There needs to be a “new normal” when it comes to staff and leadership relationships at MPVCC. As we endeavor to research, think, and pray about an “official” set of guidelines, the following article should help us. The list below has been adapted from an article in Youth Specialties by Kara Hall. Ms. Hall is a youth ministry professor at Azusa Pacific University and coordinates the Women's Youth Network. She also serves as the research assistant for Youth Specialties and is co-author of the Good Sex: Youth Leader's Curriculum. She uses Samson’s story as a springboard to create healthy relationships with co-workers of the opposite sex. To read the whole article click here. (FYI note, the author's last name in the article is different from her last name on the book.)
When it comes to relationships with the opposite gender, we all need others to hold us accountable. We need others to walk around in our lives, pull back the curtains from our hearts and souls, and reveal any sin and confusion that, in the name of leadership, we try so hard to keep hidden.

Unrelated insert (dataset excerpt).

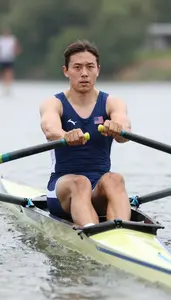 Rowing Crew Member Wearing Gloves Quick Pulling Swing Motion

1. Develop accountability relationships. Prayerfully identify people with whom you can meet regularly. Make a covenant of complete honesty. Give them permission to ask tough questions about any part of your life—from money and sex to workload and prayer. That way, when the time comes, you'll have a safe place to share any confusing or inappropriate boundaries that are creeping up in your working relationships.
2. Be honest about unhealthy attractions. If you're married or seriously dating, decide at what point you'll tell your partner about any unhealthy attractions. Talk ahead of time about what level of disclosure is best for your relationship given who each of you are, how you communicate, and how committed you are.

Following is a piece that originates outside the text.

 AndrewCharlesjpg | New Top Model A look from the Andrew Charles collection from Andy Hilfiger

3. Beware of any environment that smacks of dating. At times, we will need to meet alone with a professional colleague or volunteer staff of the opposite sex. Sometimes colleagues meet in an office (with the door open!), other times at a restaurant or a coffee house. But when meeting, pick Denny's instead of Chez Romantique, and have breakfast or lunch instead of dinner, and tell your spouse, or accountability partner about it beforehand.
4. Know your colleague's significant other. If I'm going to be working closely with a man, I try to go on a walk or have lunch with his wife or girlfriend. Instead of being threatening to her, I want her to know that I'm cheering for both her and their relationship.
5. Get a personal life. Last week I was at a Women's Youth Network meeting with a handful of other women. Some of them started joking about how their ministry schedules prevented them from having a personal life. Ten years ago I would've joined right in; today, I'm alarmed. Men and women who are so immersed in ministry that they lack outside lives are prime candidates for inching, or perhaps racing, past emotional boundaries.
Maybe you've started to wonder if you're emotionally enmeshed with someone of the opposite gender. Resist the temptation to let your busyness and routine drown out the question. Start an accountability relationship by seeking out someone to talk to about it this week. The very same grace that allows us to have a relationship with God is the same grace that enables us to have healthy relationships with each other.